[英]How to compare cells values from two different csv using python pandas
I have two csv files, they have the same columns (filename and MD5), however, the values are in different rows (filename in csv1 is in row 2 (row 1 is header) however, the same filename in csv2 maybe in row 5. 我有两个csv文件,它们具有相同的列(文件名和MD5),但是,值位于不同的行中(csv1中的文件名位于第2行(行1是标头)),但是csv2中的相同文件名可能位于第5行。
I've tried the "merge" module with the "how" set to: right, left, inner, an outer; 我尝试将“如何”设置为“合并”模块:右,左,内部,外部; the results added additional rows and columns were added.
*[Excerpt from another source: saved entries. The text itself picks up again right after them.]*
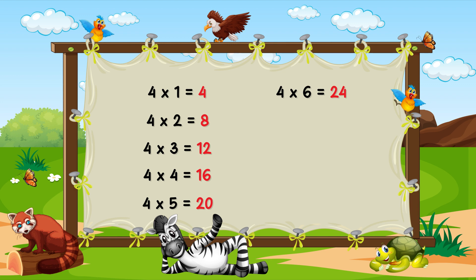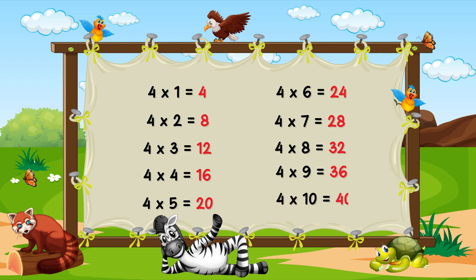Four six ja twenty four. Four seven ja twenty eight. Four eight ja thirty two. Four nine ja thirty six. Four ten ja forty.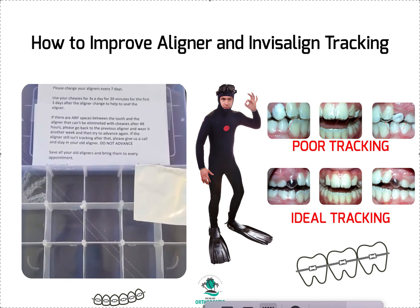Hey, it's Dr. Amanda with Straight Smile Solutions, straightsmilesolutions.com. Today we're going to recap a little bit more on aligner tracking — Invisalign tracking, ClearCorrect tracking — pick your aligner. They all work the same in terms of tracking.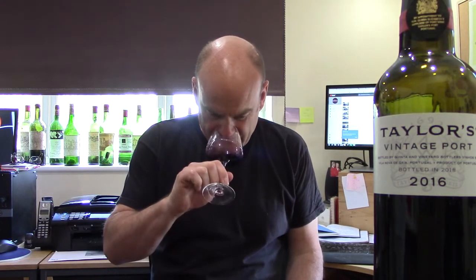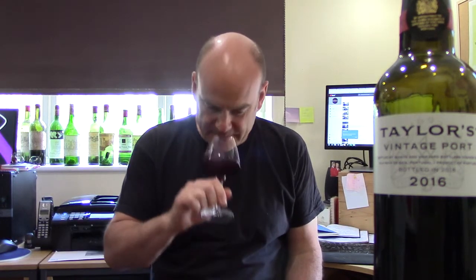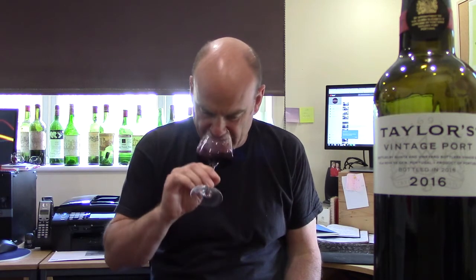There's much going on there: that lovely, wonderful dark plum, ripe pure fruit, a bit of licorice and nut about it. It's less spicy than some — Croft, particularly — but there's perhaps a little floral high note.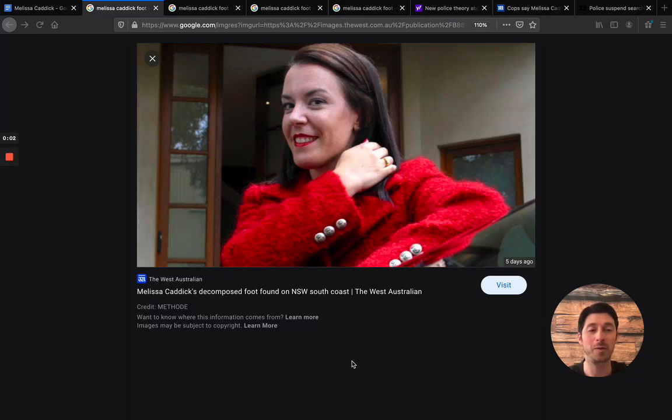Hey everyone, Dev with CrimeHive, back with another video. We're back with the Melissa Caddick case. Her decomposed foot was found and confirmed to be her foot. We're going to talk about some of the new developments and details in this case.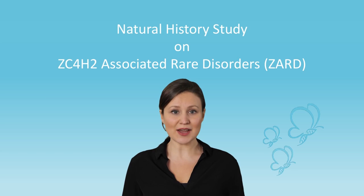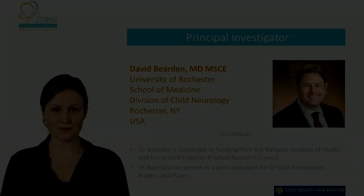Hello everyone! We're very excited to announce the first ever natural history study on ZC4H2 associated rare disorders, or ZARD for short. As a parent of a child affected by this rare disorder, which is caused by a mutation in the ZC4H2 gene, you may have heard about natural history studies. In this video, we'll discuss the purpose of natural history studies and how they can benefit your child, your family, and the entire ZARD community.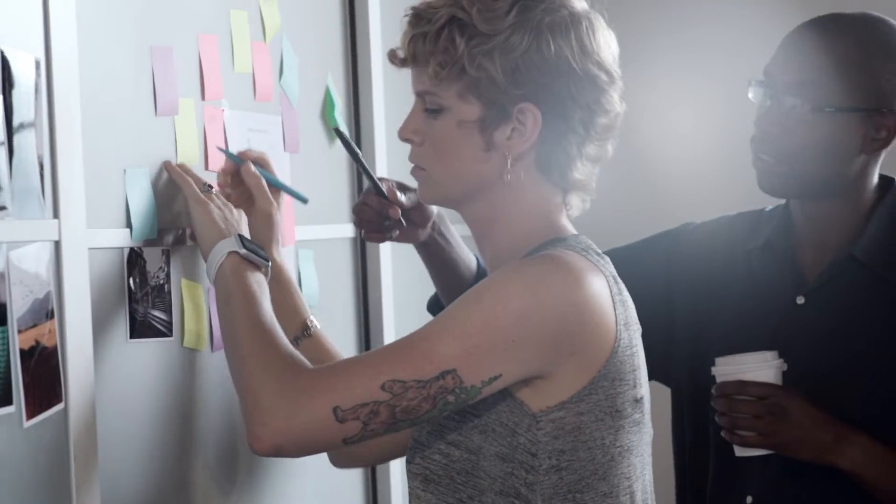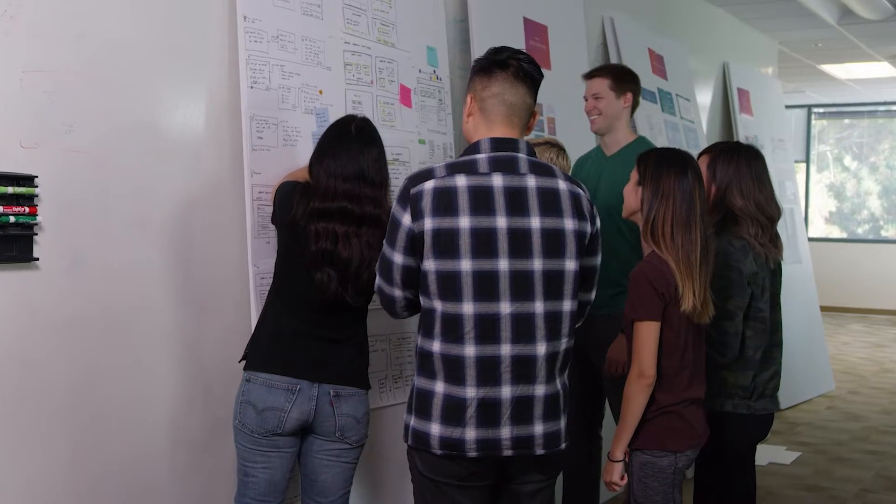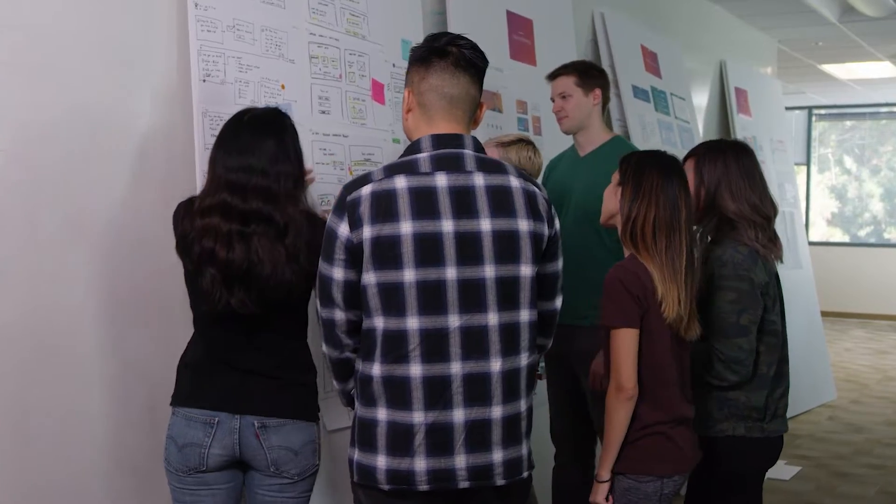Product managers function as the CEO of a product, effectively leading their own startup within a company, while working cross-functionally with a variety of teams. In Udacity's product manager nanodegree program,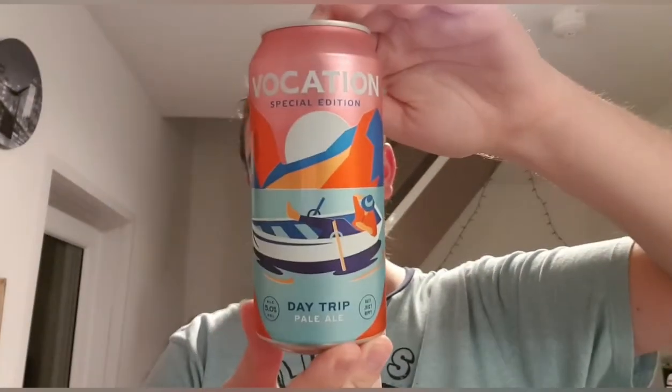Good evening and welcome back to another beer review. I'm Ben the Beer Lad, and today I'm doing a Vocation beer. This one is part of my big Vocation parcel that I got. It's one of the newer beers — or it's new to me, I've not really seen it. This one is called Day Trip, and it is a five percent pale ale. It says it's hazy, juicy, and hoppy.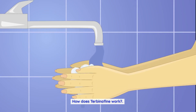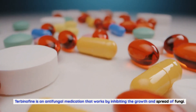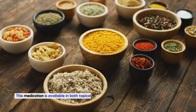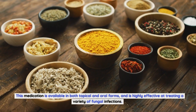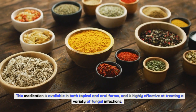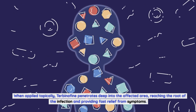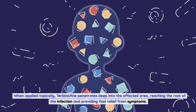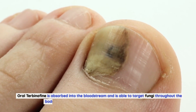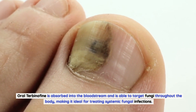How does Terbinafin work? Terbinafin is an antifungal medication that works by inhibiting the growth and spread of fungi. This medication is available in both topical and oral forms, and is highly effective at treating a variety of fungal infections. When applied topically, Terbinafin penetrates deep into the affected area, reaching the root of the infection and providing fast relief from symptoms. Oral Terbinafin is absorbed into the bloodstream and is able to target fungi throughout the body, making it ideal for treating systemic fungal infections.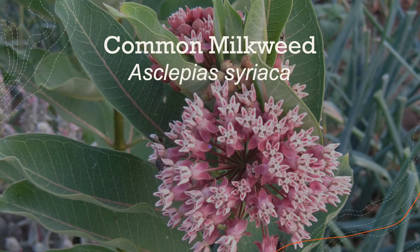Hey everyone, I'm doing the NJ Skylands species number one, common milkweed, known by the scientific name Asclepias syriaca.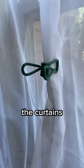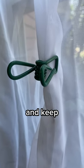Use a pool noodle to make a makeshift bed rail to keep your child from rolling out of the bed in the middle of the night. Pack a chip clip to keep the curtains closed to help your child sleep in and keep the light out.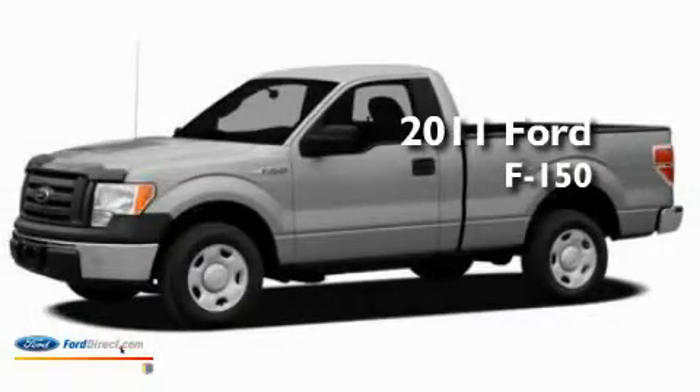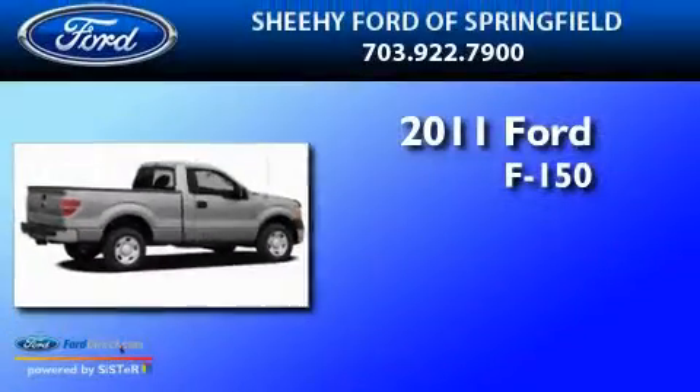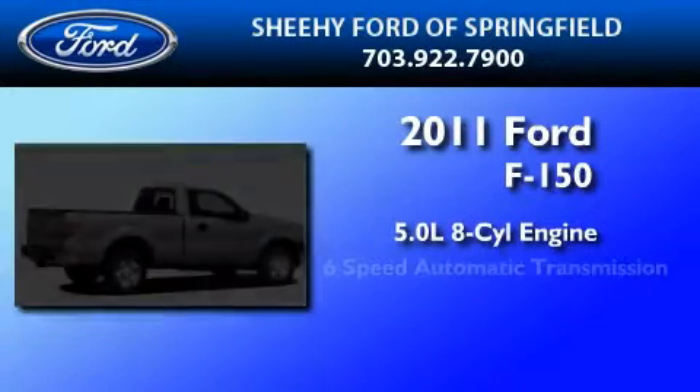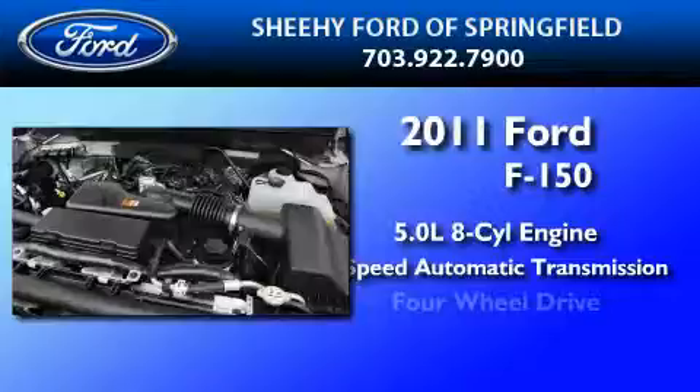This is a brand new 2011 Ford F-150. It features a 5.0 liter, 8-cylinder engine, a 6-speed automatic transmission, and 4-wheel drive.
结果添加了额外的行和列。 I also tried the "isin" module.
我还尝试了“ isin”模块。
matchfiles = (df1.Filename.isin(df2.Filename)
and 和
if (df1[['Filename','MD5']]) == (df2[['Filename','MD5']]):
print(df1[['Filename','MD5']])
I expect the output to print the "Filename" with the matching "MD5". 我希望输出显示匹配“ MD5”的“文件名”。
The errors are: 错误是:
TypeError: unsupported operand type(s) for &: 'str' and 'bool'
and 和
ValueError: The truth value of a DataFrame is ambiguous. Use a.empty, a.bool(), a.item(), a.any() or a.all().
DataSet 1: 数据集1:
Filename MD5 文件名MD5
I417122 - KP -pst 125e46b4477934fa7495f I417122-KP -pst 125e46b4477934fa7495f
I417122 - KP - xml eee4acefced33e6595a32 I417122-KP-xml eee4acefced33e6595a32
J944737 - DJ gif f52483135c9e8f6fb2680 J944737-DJ gif f52483135c9e8f6fb2680
J944737 - DJ txt c1b76990e2e19a7eb2332 J944737-DJ txt c1b76990e2e19a7eb2332
J944737 - DJ doc b1aa2e981d8c04860810 J944737-DJ文档b1aa2e981d8c04860810
J944737 - DJ docx 55b325a7ef73ba8a0e2f9 J944737-DJ docx 55b325a7ef73ba8a0e2f9
J944737 - JD.zip 47fcccba65018d88a3c7e J944737-JD.zip 47fcccba65018d88a3c7e
DataSet 2: 数据集2:
Filename MD5 文件名MD5
I417122 - KP -pst 125e46b4477934fa7495f I417122-KP -pst 125e46b4477934fa7495f
I417122 - KP - xml 47fcccba65018d88a3c7e I417122-KP-XML 47FCCCBA65018D88A3C7E
J944737 - DJ gif f52483135c9e8f6fb2680 J944737-DJ gif f52483135c9e8f6fb2680
J944737 - DJ txt c1b76990e2e19a7eb2856 J944737-DJ txt c1b76990e2e19a7eb2856
J944737 - DJ doc eee4acefced33e6595a32 J944737-DJ文档eee4acefced33e6595a32
J944737 - DJ docx 55b325a7ef73ba8a0e2f9 J944737-DJ docx 55b325a7ef73ba8a0e2f9
J944737 - JD.zip 47fcccba65018d88a3c7e J944737-JD.zip 47fcccba65018d88a3c7e
Expected Results: Filename MD5 预期结果:文件名MD5
I417122 - KP -pst 125e46b4477934fa7495f I417122-KP -pst 125e46b4477934fa7495f
J944737 - DJ gif f52483135c9e8f6fb2680 J944737-DJ gif f52483135c9e8f6fb2680
J944737 - DJ doc eee4acefced33e6595a32 J944737-DJ文档eee4acefced33e6595a32
J944737 - DJ docx 55b325a7ef73ba8a0e2f9 J944737-DJ docx 55b325a7ef73ba8a0e2f9
J944737 - JD.zip 47fcccba65018d88a3c7e J944737-JD.zip 47fcccba65018d88a3c7e
This will return a two-column dataframe that has 1
if the filename from csv1 is in csv2 and 0
otherwise. 如果来自csv1的文件名位于csv2中,则这将返回一个包含
1
的两列数据帧,否则返回0
。
matching_df = df1.assign(Indf2=df1.Filename.isin(df2.Filename).astype(int))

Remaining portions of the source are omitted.